Uncompression of the files
Validation of the format and integrity of the file
Registration into the REFERENCES
Status notification through email

Successfully uploaded reference files are stored in the REFERENCES. Custom references can be deleted using on the reference details window.

UPLOAD ANNOTATIONS

Pathways, gene ontology (GO) terms, ABR genes, and VEP (Variant Effect Predictor) files are classified as annotations and can be uploaded through the ANNOTATIONS (Fig.) tab.

ABR and GO_OBO upload has two fields:

Organism: Name of the organism
Tag: The version number of the annotation file

Gene Model, VEP, and Variations upload have three fields:

Organism: Name of the organism
Reference version: Version of the reference file
Tag: Version of the annotation file

GO and Pathway upload has four fields:

Organism: Name of the organism
Reference version: Version of the reference file
GTF version: Version of the gene model file
Tag: Version

Different types of annotations and their allowed formats are explained in Table below.

Tag	Data Type	Format	Details
Gene models	Gene annotations	Gtf, Gff3	Source: Ensembl.

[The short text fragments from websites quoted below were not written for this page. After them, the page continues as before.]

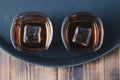 Glasses of whiskey with ice cubes on a black tray and wooden table/Two Glasses of whiskey with ice cubes on a black tray and Royalty Free Stock Photo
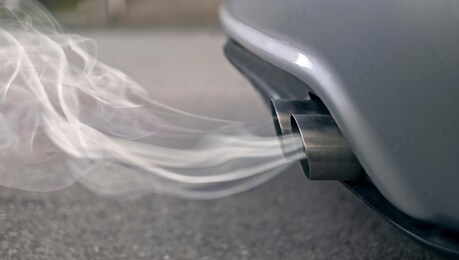 smoky exhaust pipes from a starting diesel car.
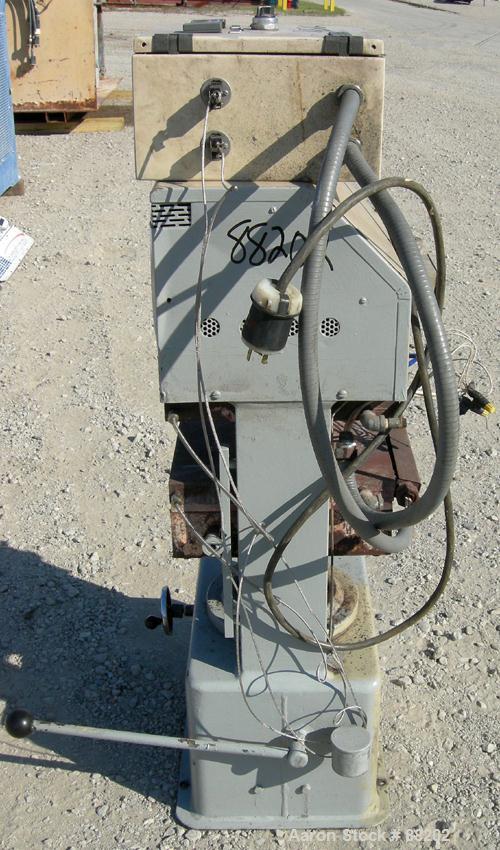 USED: PHI manual compression press, approximate 50 ton. Up acting cylinder. 12-1/2" x 12-1/2" electrically heated platens. Approximate 6" to 10" adjustable daylight. 0-6" stroke. Includes control pan...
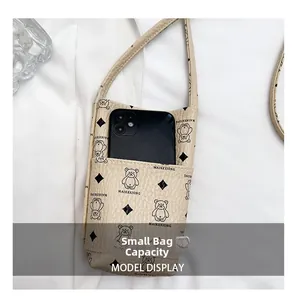 Internal view showing small crossbody bag capacity with a smartphone inside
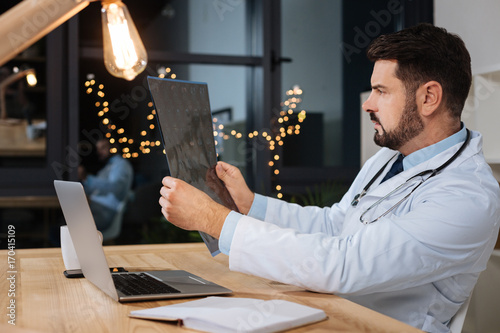 Fotografie, Obraz Smart experienced doctor putting a diagnosis
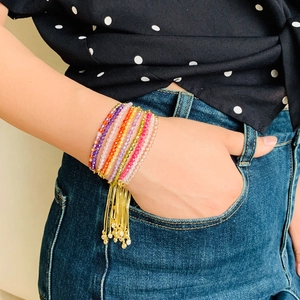Close-up of bohemian multi-layer colorful crystal bead bracelet with gold fringe tassel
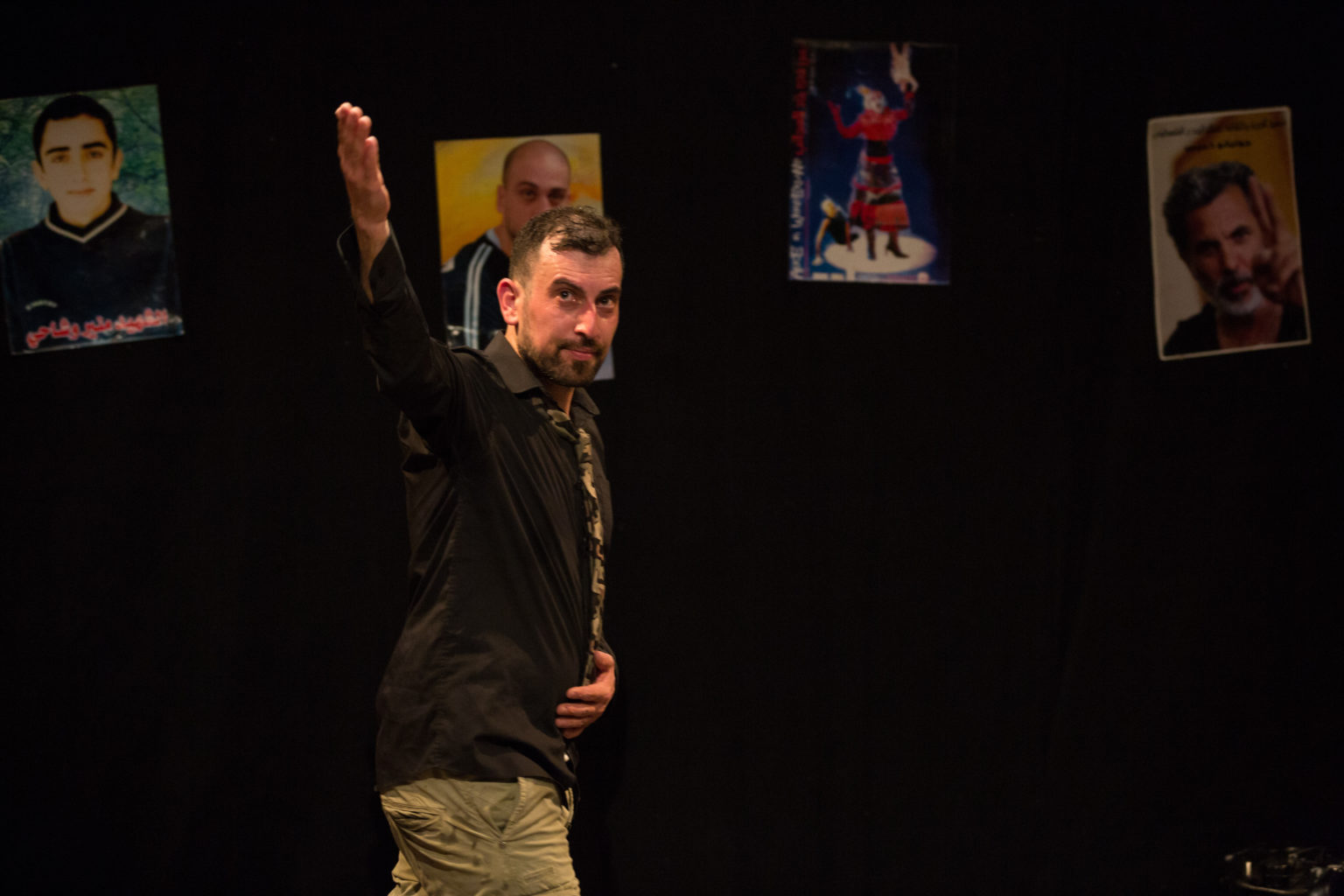 Photo d'Ahmed Tobasi sur scène levant le bras vers le public.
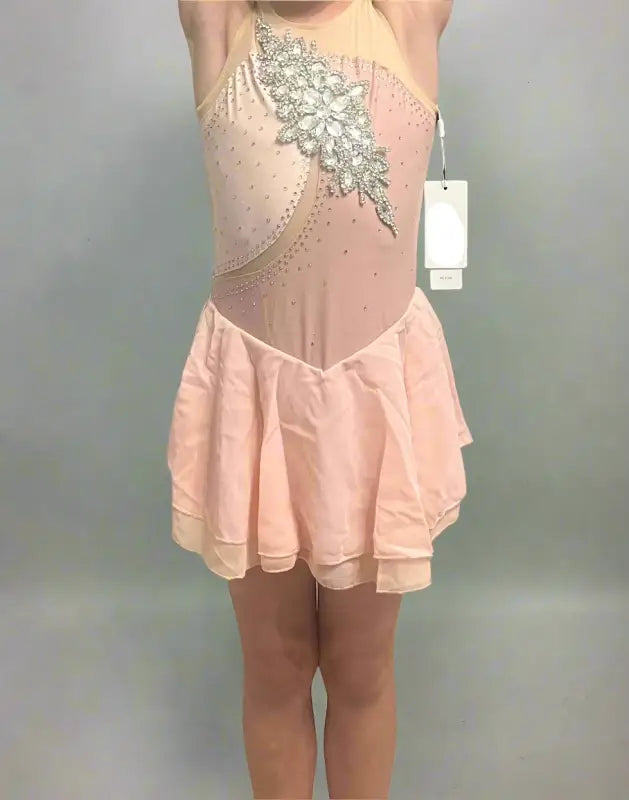 Pale pink figure skating dress with silver embellishments and a short skirt.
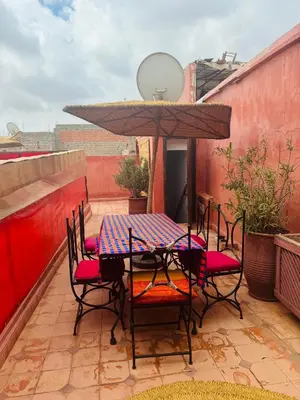 a table and chairs with an umbrella on a patio at RIAD ALGHANI in Marrakech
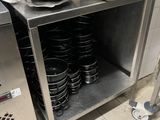 un plan de travail en inox sur lequel sont posés tout un tas de casseroles et de poêles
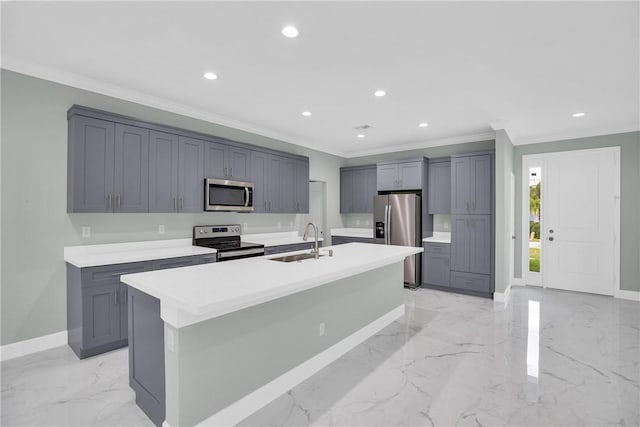 kitchen with stainless steel appliances, a kitchen island with sink, crown molding, sink, and gray cabinets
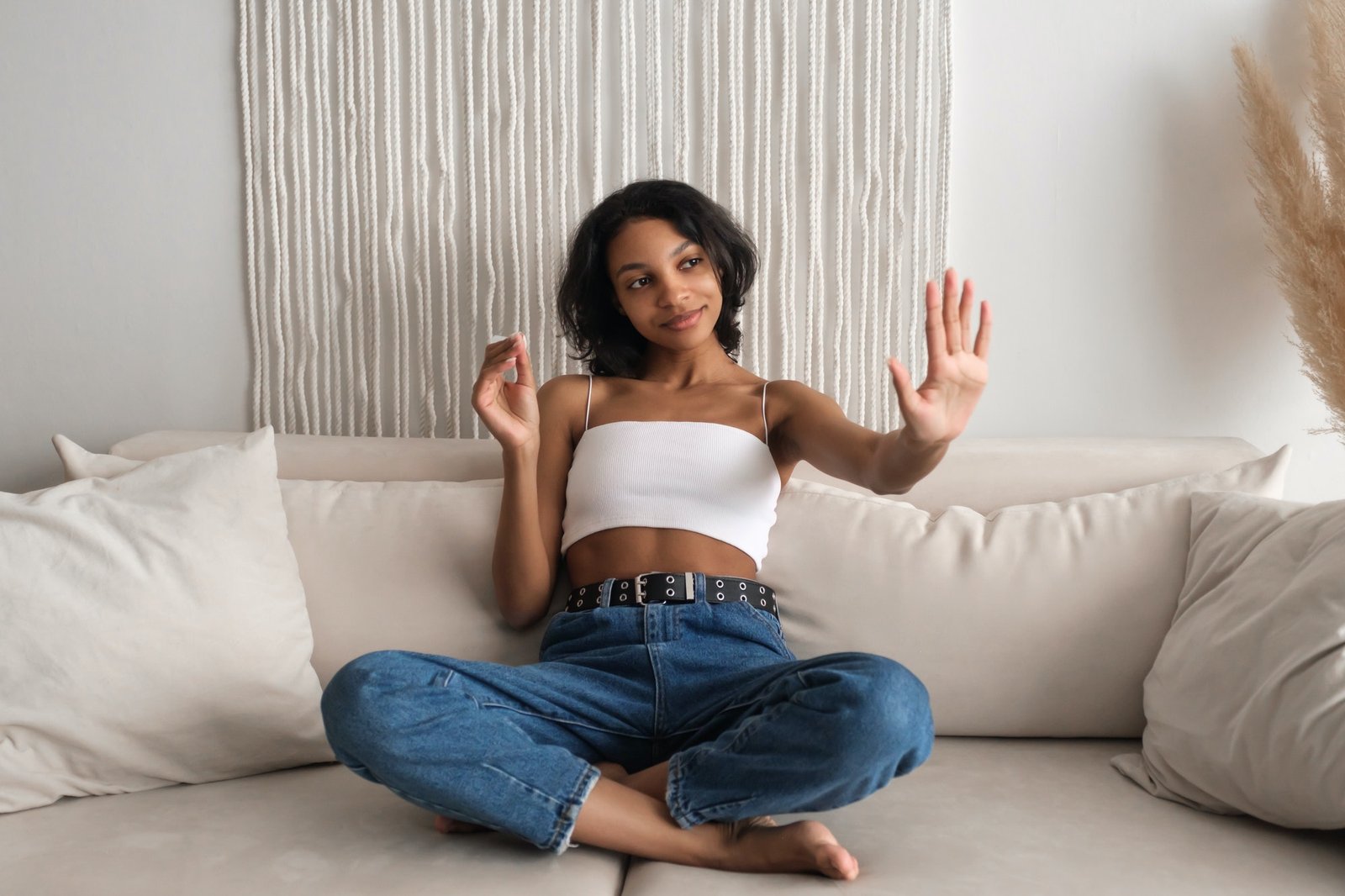 Happy beautiful woman using nails lime sitting on sofa at home.Bodycare concept. Leisure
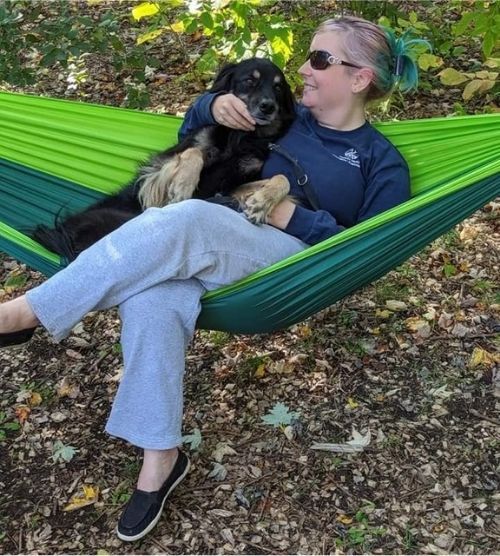 A woman with pink and teal hair in a pony tail, wearing a navy blue long-sleeve t-shirt, grey sweatpants and black shoes is sitting in a green parachute hammock with a black and brown dog next to her and fall leaves all over the ground.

Should correspond to the Ensembl genome versions
Pathway	Pathways	Tab, Gmt	Source: Wiki pathways
Gene Ontology	Gene Ontology associations	Obo, Tab, Txt	GO terms
VEP	Variant annotations	Custom	Source: Ensembl. Should correspond to the Ensembl genome versions
Variations	GATK variants	VCF	Source: Ensembl

Table. Annotation file formats. Compressed files are allowed as long as each file is compressed separately.

Fig. 1. ANNOTATION FILES upload window. One of the radio icons needs to be selected to upload the data.

Similar to Sequence and reference file uploads, the following actions are performed on the uploaded annotation files:

Uncompression of the files
Validation of the format and integrity of the file and its compatibility to genome/gene annotation file.
Registration into the ANNOTATIONS
Status notification through email

Successfully uploaded files are stored in ANNOTATIONS and can be accessed while executing the pipelines.

UPLOAD METADATA

Any files associated with an experiment (excluding sequencing files, references, and annotations) can be uploaded through the METADATA (Fig.) tab. During upload, the metadata files should always be associated with an organism and tagged appropriately, as explained in Table below.

Data Type	Tag Name	Format	Details
List of genes	Gene List	Tab, CSV, TXT	Ensembl Gene IDs only
Target markers	Hotspots	BED, VCF	SNPs, MNPs, INDELs
Amplicon ranges	Amplicon Range	BED, VCF	Target region with start and ends
Variants/genotypes	Genotypes	BED, VCF	Called variants

Table. Metadata file formats and associated upload tags.

Similar to Sequence and reference file uploads, the following actions are performed on the uploaded metadata files:

- Uncompression of the files
- Validation of the format and integrity of the file and its compatibility to the reference genome.
- Registration into the METADATA
- Status notification through email

Fig. 1. METADATA FILES upload window.

Successfully uploaded metadata files are stored in METADATA and can be accessed while executing the pipelines.